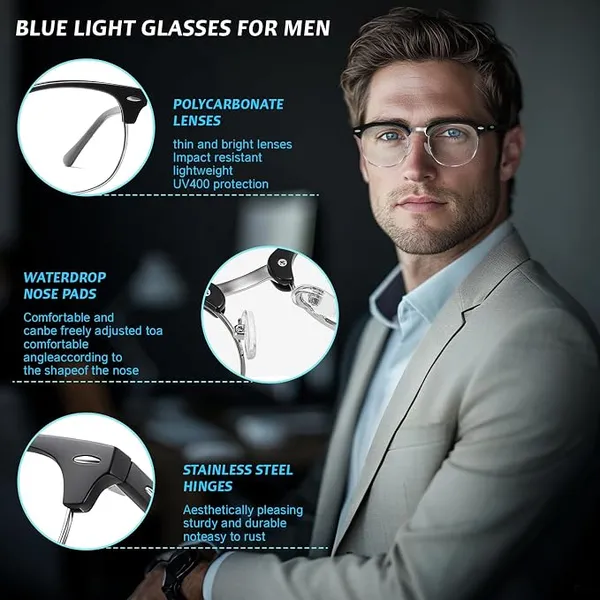 Black_Tr90_Half_Rim_Light_Blocking_Glasses_For_Unisex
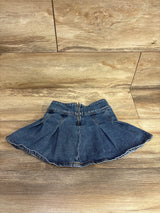 Gb Girls Pleated Denim Skirt Blue sz 2T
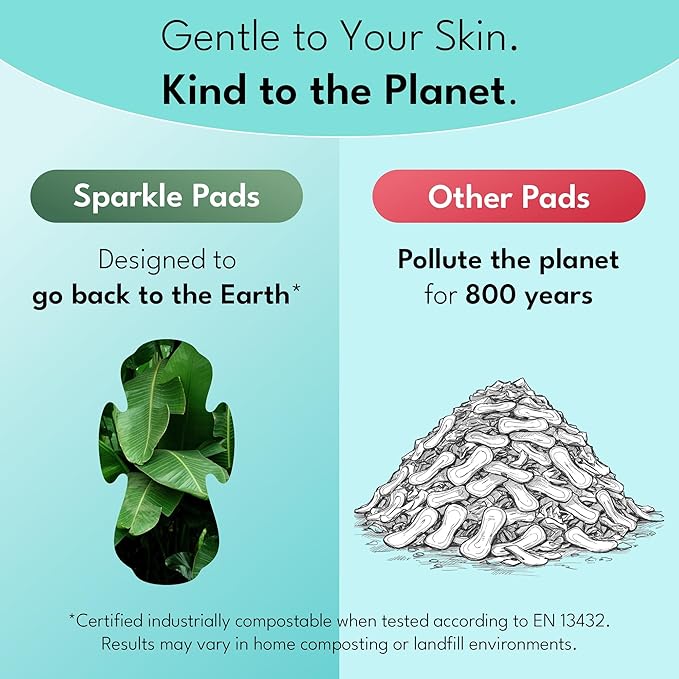 Sparkle Sanitary Pads for Women, Plant-Based Maxi Pads - Image 6
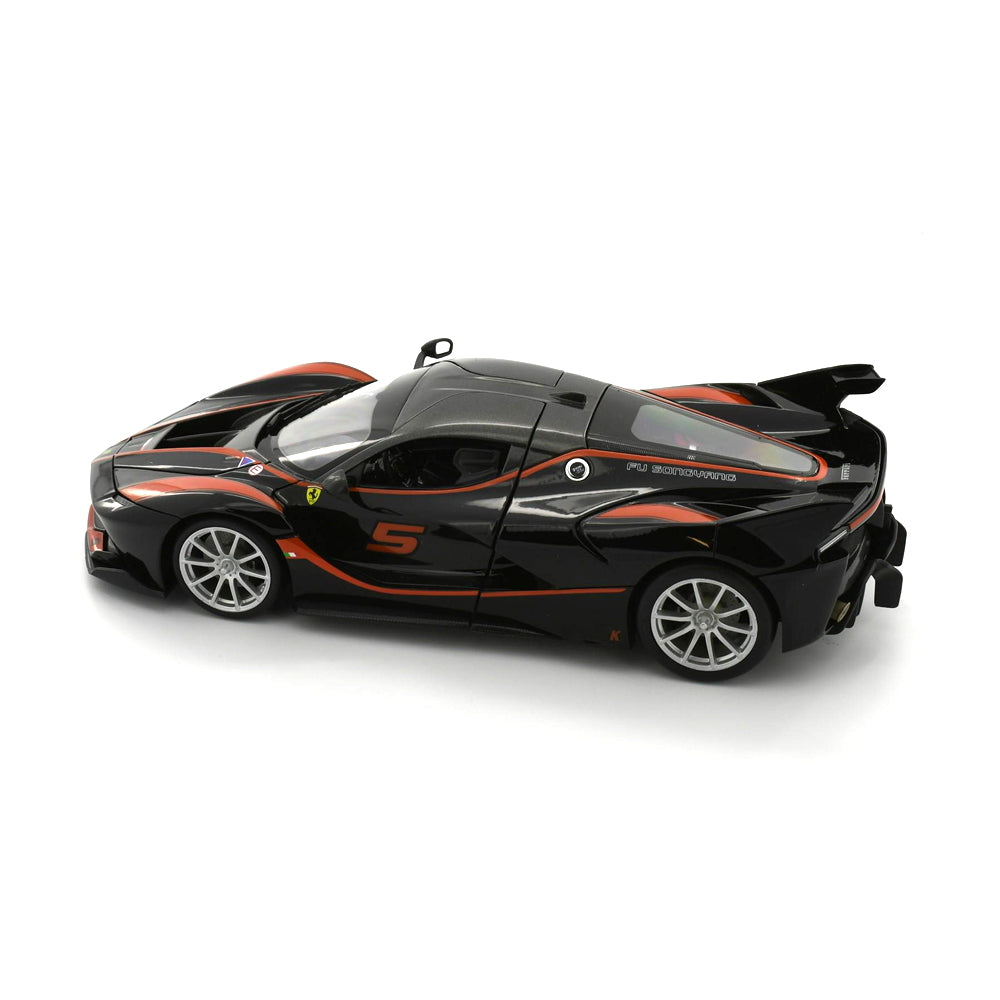 Bburago Licensed 1:18 Scale Ferrari Race&Play FXX-K #5 Black Ferrari Diecast Model Car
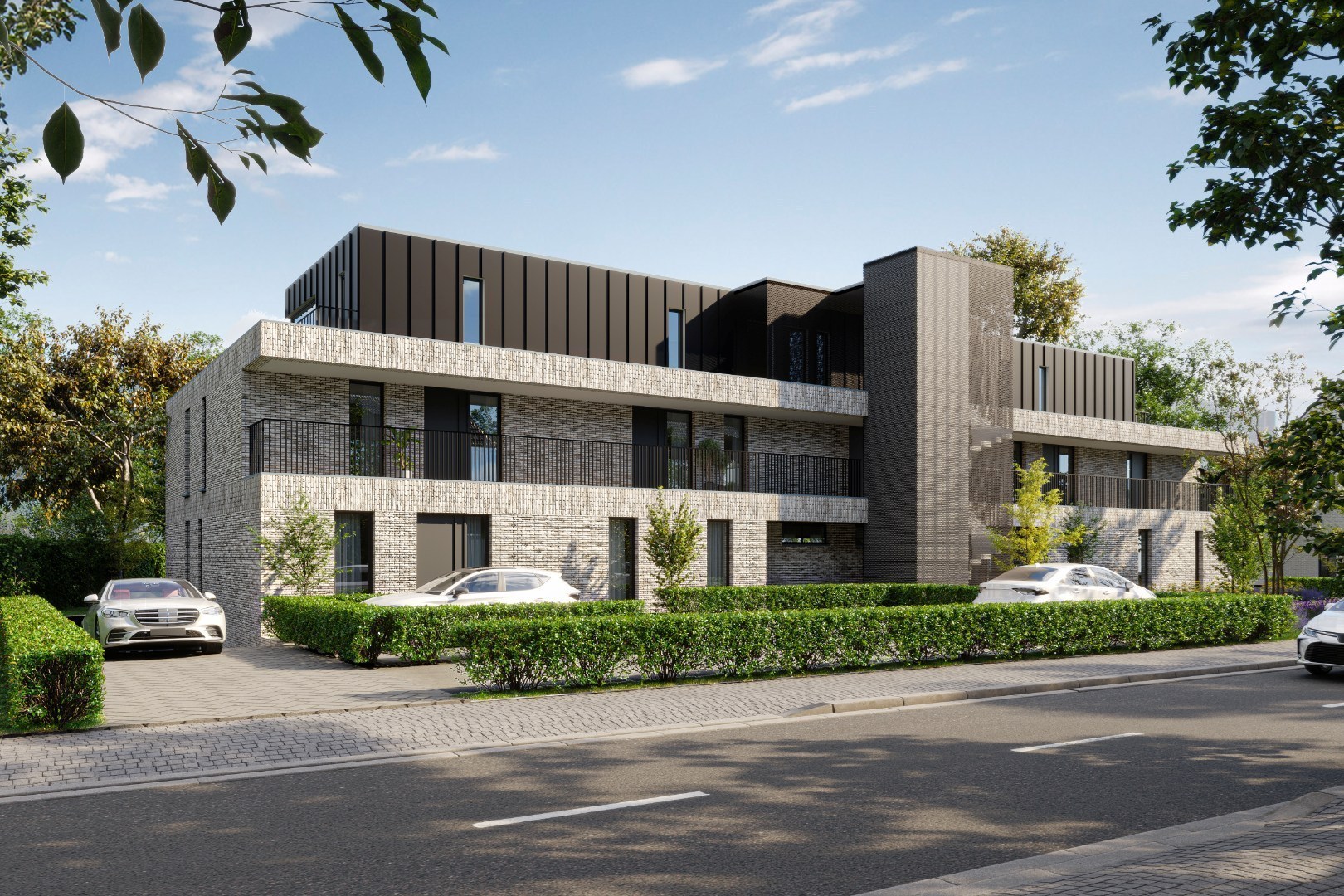 Gelijkvloers appartement met tuin 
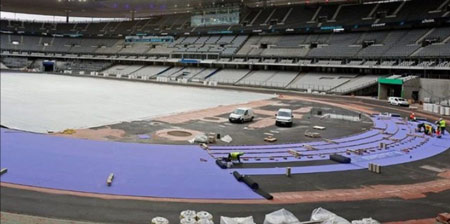 ¿De qué materiales está hecha la pista de atletismo de los Juegos Olímpicos de París 2024?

● ● ● ● ● ● ●

### REQUIRED WORK
Only the lines from the one containing "Gb Girls Pleated Denim Skirt Blue sz 2T" through the last line of the records above should be repeated, exactly and without pictures.

### WORKED SOLUTION
 Gb Girls Pleated Denim Skirt Blue sz 2T
 Sparkle Sanitary Pads for Women, Plant-Based Maxi Pads - Image 6
 Bburago Licensed 1:18 Scale Ferrari Race&Play FXX-K #5 Black Ferrari Diecast Model Car
 Gelijkvloers appartement met tuin 
 ¿De qué materiales está hecha la pista de atletismo de los Juegos Olímpicos de París 2024?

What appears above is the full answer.